Once again, Donald Trump has used the media’s desire to appear “fair” against America.
2. White Power
Two of Trump’s most craven enablers—Rick Santorum and Chris Christie—waddled out to the cameras to defend the president’s call for a white nationalist group to “stand by.” One of them did so honestly. The other did not. You’ll never guess which was which.
Chris Christie was the future of the Republican party once upon a time because he always talked straight and told uncomfortable truths. He sat down with George Stephanopoulos this morning and said:
STEPHANOPOULOS: You were part of the president's debate prep. How does he clean up this Proud Boys moment last night? Will he do it?
CHRISTIE: Well, listen, I think, again, George, I heard it differently last night when he said, sure, I will, right off the top in response to it but if there's any doubt about that we'll be able to clear it up.
STEPHANOPOULOS: He said stand up and stand by. He said stand by. That was a call to arms.
CHRISTIE: George, I didn't read it that way George, but listen, if you want to read it that way that's your prerogative.
AYFKM?
Meanwhile, Rick Santorum talked with CNN and told the truth:
SANTORUM: And [Wallace] asked—and he asked them for a reason, because he asked two questions where he was asking the president to do something that he knows the president doesn't like to do.
CNN: Which is?
SANTORUM: Which is, say something bad about people who support him. Right?
CNN: What, declining violence?
SANTORUM: Well, talking about—yeah, the white supremacists, number one.
That is what happened during the debate. It was not “two people interrupting one another and calling each other names.”
The president of the United States was asked to condemn white supremacists. He declined to do so, because white supremacists support him. And so instead of condemning them, he encouraged them.
Nothing like this has ever happened in the history of televised presidential debates.

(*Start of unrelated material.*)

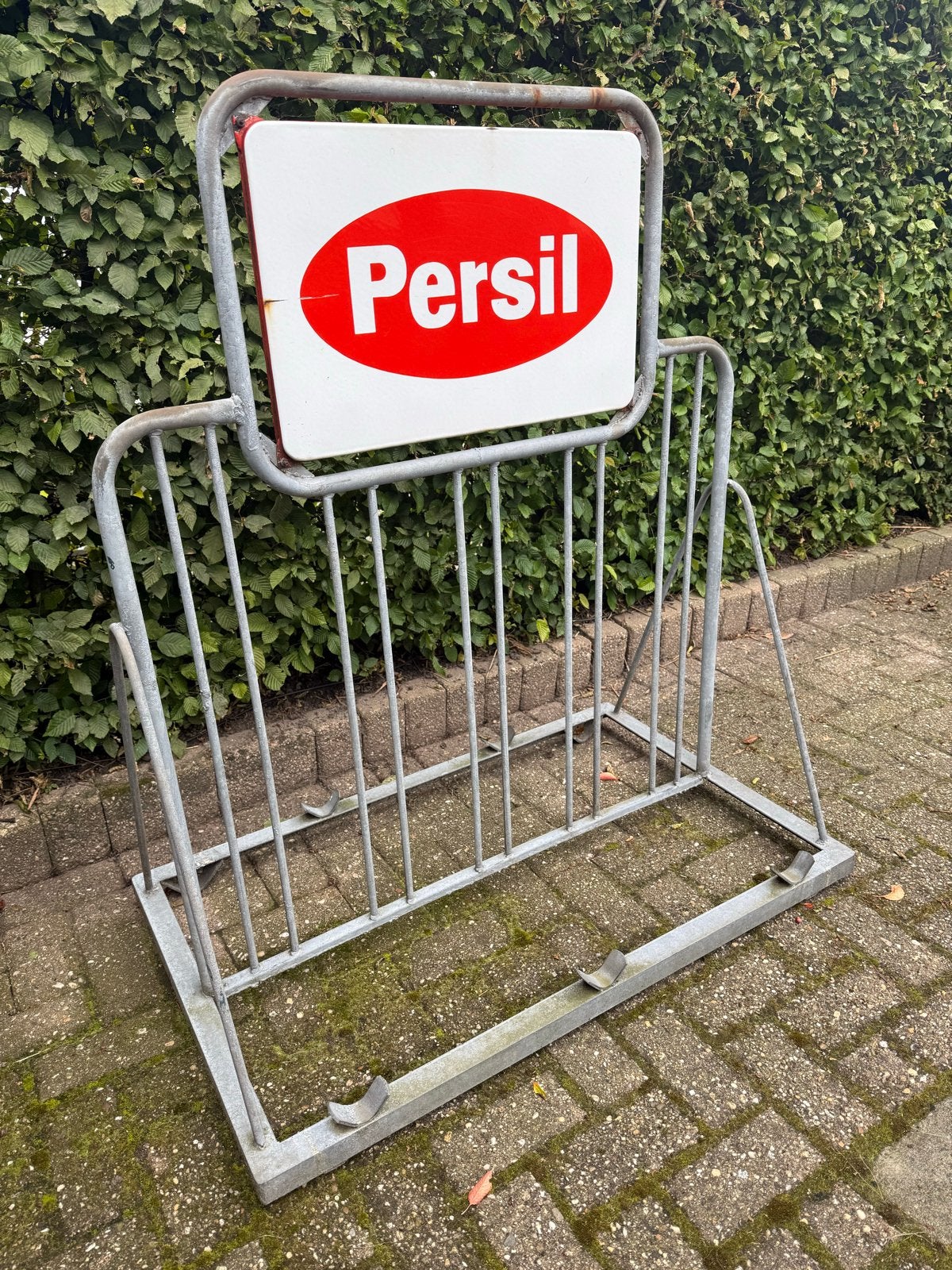Oud origineel fietsenrek met emaille reclamebord Persil, Ophalen of Verzenden, Gebruikt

Why was that not the headline in every newspaper in America today?
3. The Con Man
Great story from Toronto Life:
Shaun Rootenberg was born into a life of opportunity. His parents, Abraham and Vivienne Rootenberg, were immigrants from South Africa who moved to Toronto to become real estate agents and raise their four kids. Shaun, their youngest, attended the private United Synagogue Day School and then Crescent School in North Toronto. He was a strong athlete, a good math student and generally popular, but he was most gifted at self-mythologizing. He discovered early on that a well-placed lie could make him sound and feel more important than he was. One friend remembers Rootenberg as a chronic exaggerator. He’d claim to have scored high on nearly every test yet never finish the year atop the class, and he’d tell unbelievable stories of the many attractive girls he’d hooked up with during the summers.
After high school, Rootenberg studied at the University of Western Ontario. He tried out for varsity soccer but didn’t make the team, so he told friends he’d instead been recruited to play for the elite Maccabi Canada rep soccer team in Israel. According to one source, Rootenberg went so far as to buy the uniform and travel to Israel during the tournament.

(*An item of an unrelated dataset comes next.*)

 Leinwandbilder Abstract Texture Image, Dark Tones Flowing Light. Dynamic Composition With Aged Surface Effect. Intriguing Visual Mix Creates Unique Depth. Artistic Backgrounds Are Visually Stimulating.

By that time, Shaun’s siblings were establishing their careers: his brother Jonathan would become a renowned forensic psychiatrist, his sister Terry an occupational therapist and Michael a car salesman. Sources I spoke to said that while Rootenberg had a brilliant mind, he was a terrible speller and had trouble constructing a coherent paragraph. They suspected he had an undiagnosed learning disability.

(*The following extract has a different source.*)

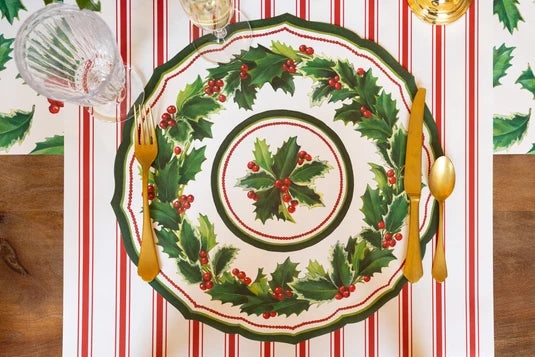 Die-cut Holiday Holly China Placemats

After university, a friend offered him a job at a collections agency, and, left with no better options, he accepted. Hounding borrowers for repayment was hardly glamorous, but he was good at it. On the phone, he could be assertive and bend the truth as far as he needed to get the borrower to pay up. “I’m going to sue you,” he’d say in a flat, icy tone. “If you don’t pay, I’m going to take you to court.” After he was promoted to manager, he lied to his supervisors that he kept the Jewish Sabbath and he needed to leave early on Fridays and could never work Saturdays.